The electric potential at a point due to a point charge is given by the formula: \[V=\frac{kq}{r}\] Where \(k\) is the electrostatic constant, \(q\) is the charge, and \(r\) is the distance from the point charge to the point where we want to find the electric potential. In this case, the electrostatic constant \(k\) can be expressed in terms of the vacuum permittivity \(\varepsilon_0\), as \(k=\frac{1}{4\pi\varepsilon_0}\).

In order to find the electric potential at the center of the cube due to the charges at its vertices, we first need to find the distance between the center of the cube and its vertices. Let the side of the cube be \(b\). The cube consists of 8 vertices, and since the cube is symmetric, the distance from the center to each vertex will be the same. To find this distance, we can consider one vertex and the center as two diagonal points of the cube. Let's call the distance \(r\). Using the Pythagorean theorem in 3D space, we get: \[r^2 = (\frac{b}{2})^2 + (\frac{b}{2})^2 + (\frac{b}{2})^2\] Solving for \(r\), we find that: \[r = \frac{b\sqrt{3}}{2}\]

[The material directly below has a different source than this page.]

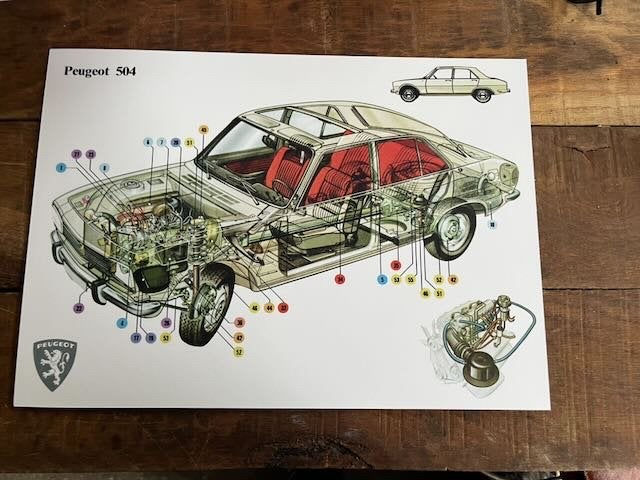 Peugeot 504 visual    GARAGE decoratie Atist impression -, Ophalen of Verzenden, Zo goed als nieuw, Auto's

Now that we know the distance between the center of the cube and its vertices, we can find the electric potential at the center due to each vertex using the formula mentioned earlier. The total electric potential at the center will be the sum of the electric potentials due to each vertex. Since there are 8 vertices, the total electric potential will be: \[V_{total} = 8\times\frac{1}{4\pi\varepsilon_0}\times\frac{q}{\frac{b\sqrt{3}}{2}}\] Simplifying the equation, we get: \[V_{total} = \frac{8q}{4\pi\varepsilon_0\times\frac{b\sqrt{3}}{2}}\] \[V_{total} = \frac{4q}{\sqrt{3}\pi\varepsilon_0 b}\] The correct answer is: (A) \(\frac{4 q}{\sqrt{3} \pi \varepsilon_{0} b}\).